BEGIN Data section
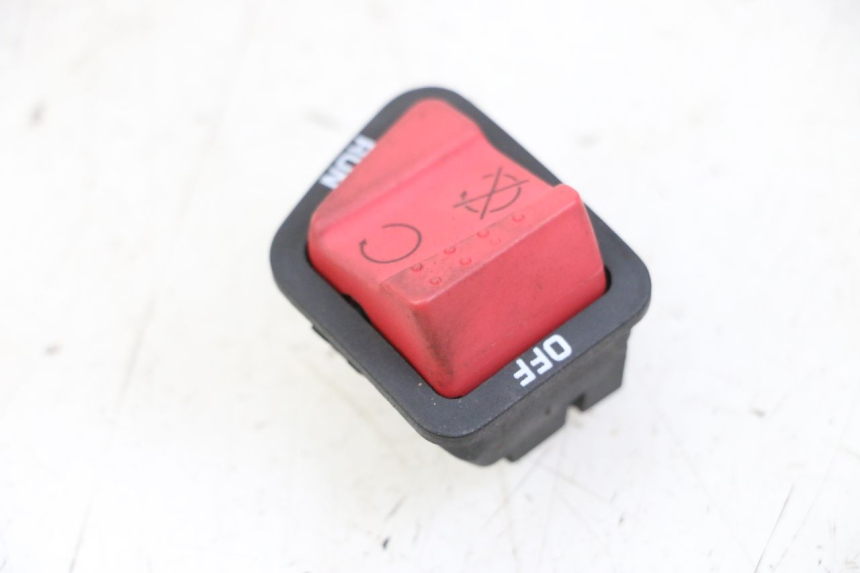 photo de COMMODO COUPE CONTACT PIAGGIO MP3 500 (2014 - 2017) - Autre angle de vue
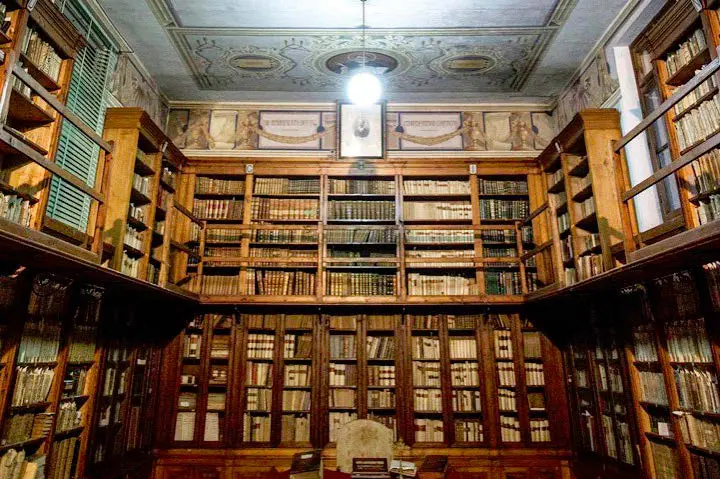 Biblioteca del Seminario Vescovile - Pontremoli
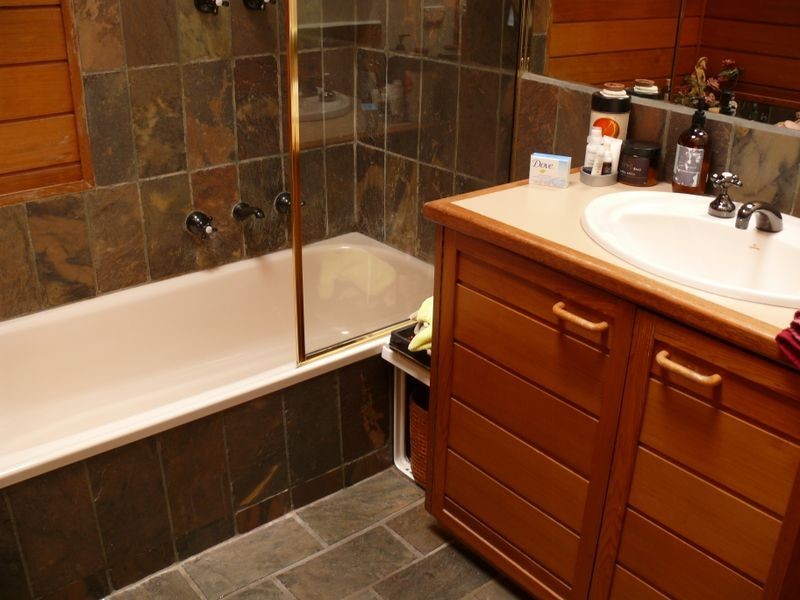 8 Fullarton Drive, Paynesville VIC 3880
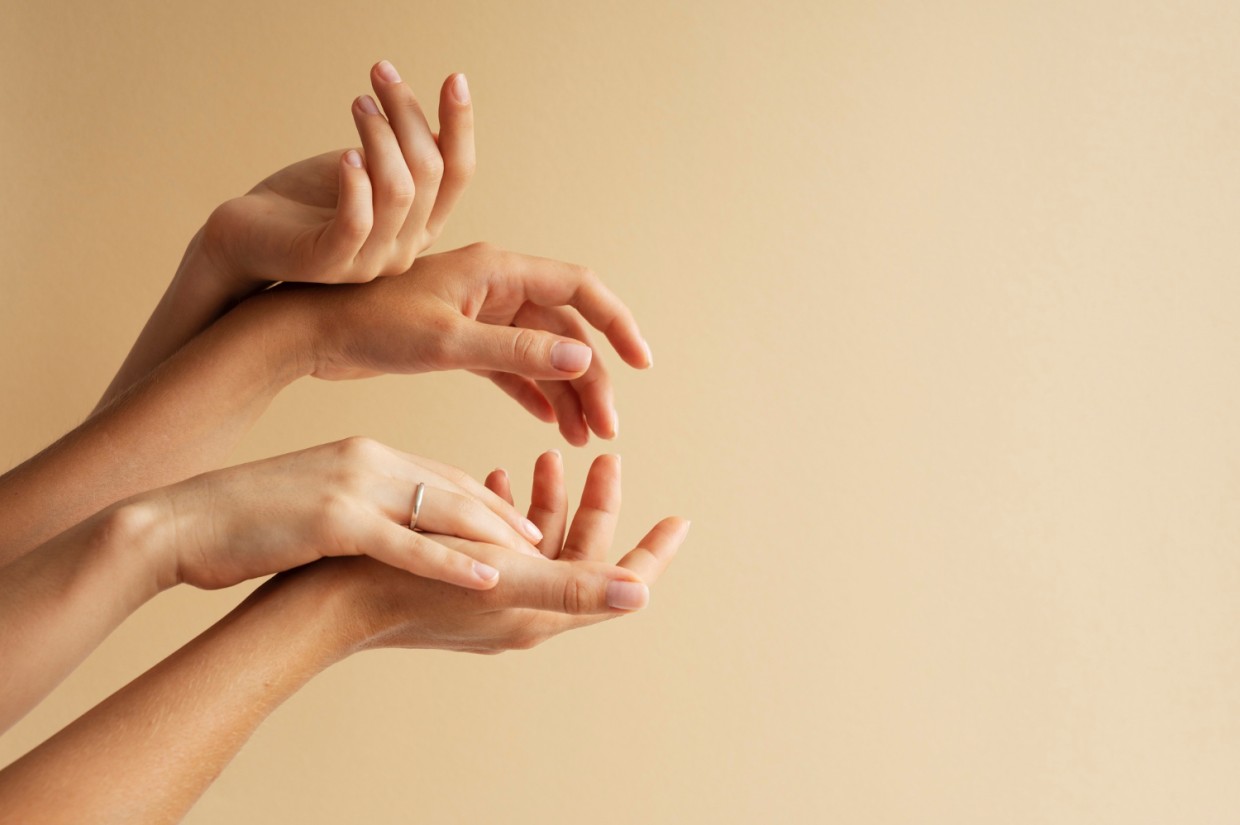 И думать о красе ногтей — как понять, все ли с вами в порядке, по ногтям (помощь таролога не нужна)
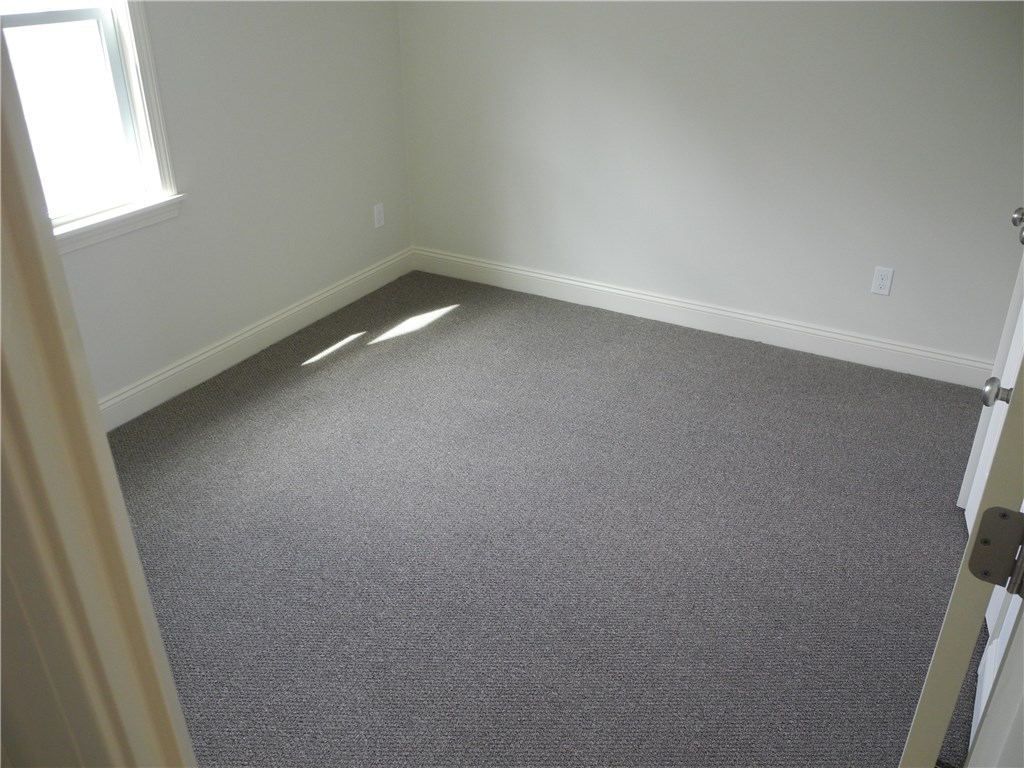 21 Raphael Avenue Providence, RI 02904 - Photo 7 of 15 Gallery Image 7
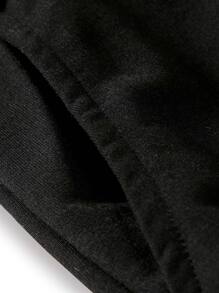 Manfinity Homme Bộ hai mảnh Nam Dây kéo Túi Khối Màu Lá thư Giải trí - Đen và trắng - Xem 4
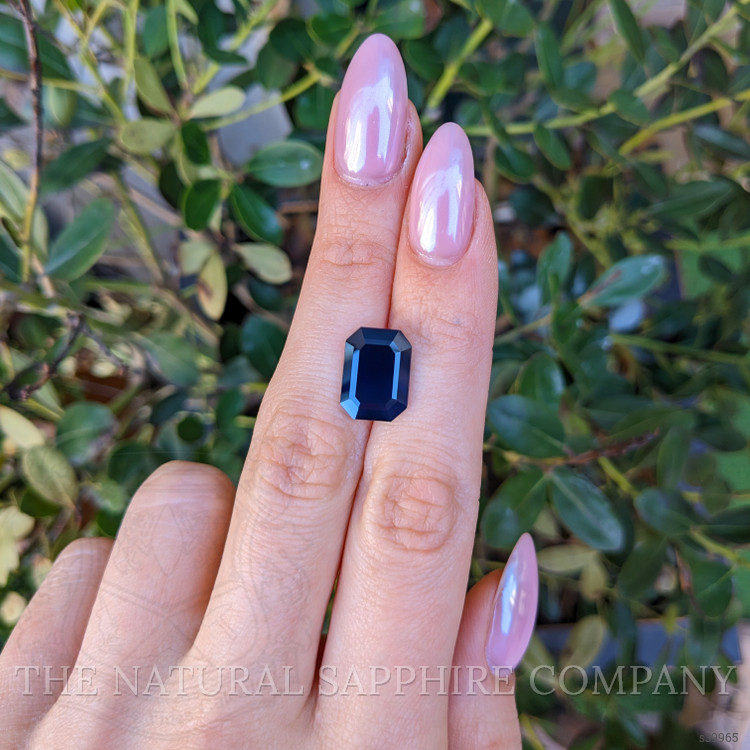 8.06 Ct. Blue Sapphire from Ceylon (Sri Lanka)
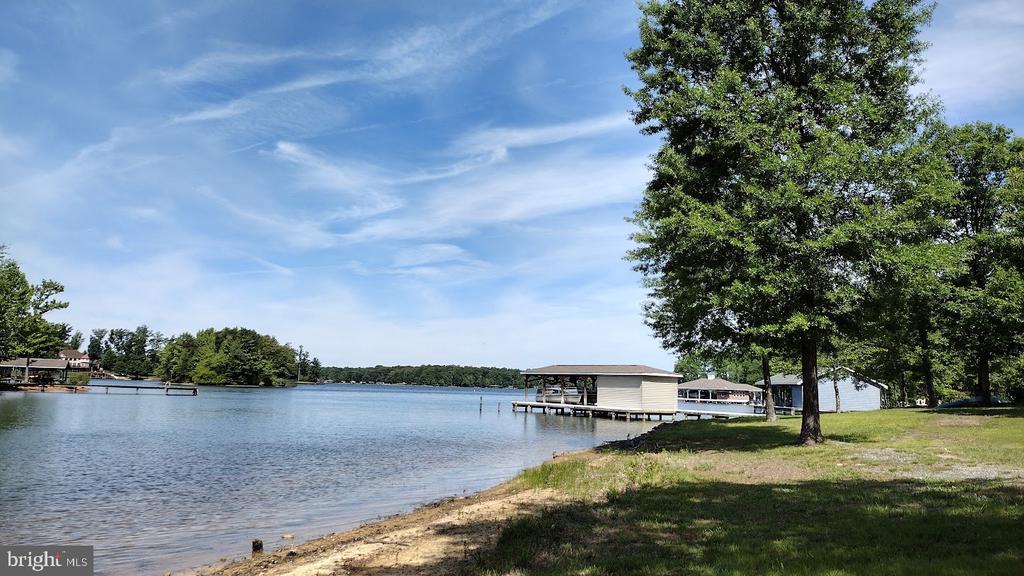 305 CATAMARAN CT, BUMPASS, Virginia 23024, 4 Bedrooms Bedrooms, ,2 BathroomsBathrooms,Residential,305 CATAMARAN CT,VALA2010024 MLS # VALA2010024 305 CATAMARAN CT, BUMPASS, Virginia 23024, 4 Bedrooms Bedrooms, ,2 BathroomsBathrooms,Residential,305 CATAMARAN CT,VALA2010024 MLS # VALA2010024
END Data section
### Task description
The expected answer is the data retyped exactly, without pictures.

### Solution below
 photo de COMMODO COUPE CONTACT PIAGGIO MP3 500 (2014 - 2017) - Autre angle de vue
 Biblioteca del Seminario Vescovile - Pontremoli
 8 Fullarton Drive, Paynesville VIC 3880
 И думать о красе ногтей — как понять, все ли с вами в порядке, по ногтям (помощь таролога не нужна)
 21 Raphael Avenue Providence, RI 02904 - Photo 7 of 15 Gallery Image 7
 Manfinity Homme Bộ hai mảnh Nam Dây kéo Túi Khối Màu Lá thư Giải trí - Đen và trắng - Xem 4
 8.06 Ct. Blue Sapphire from Ceylon (Sri Lanka)
 305 CATAMARAN CT, BUMPASS, Virginia 23024, 4 Bedrooms Bedrooms, ,2 BathroomsBathrooms,Residential,305 CATAMARAN CT,VALA2010024 MLS # VALA2010024 305 CATAMARAN CT, BUMPASS, Virginia 23024, 4 Bedrooms Bedrooms, ,2 BathroomsBathrooms,Residential,305 CATAMARAN CT,VALA2010024 MLS # VALA2010024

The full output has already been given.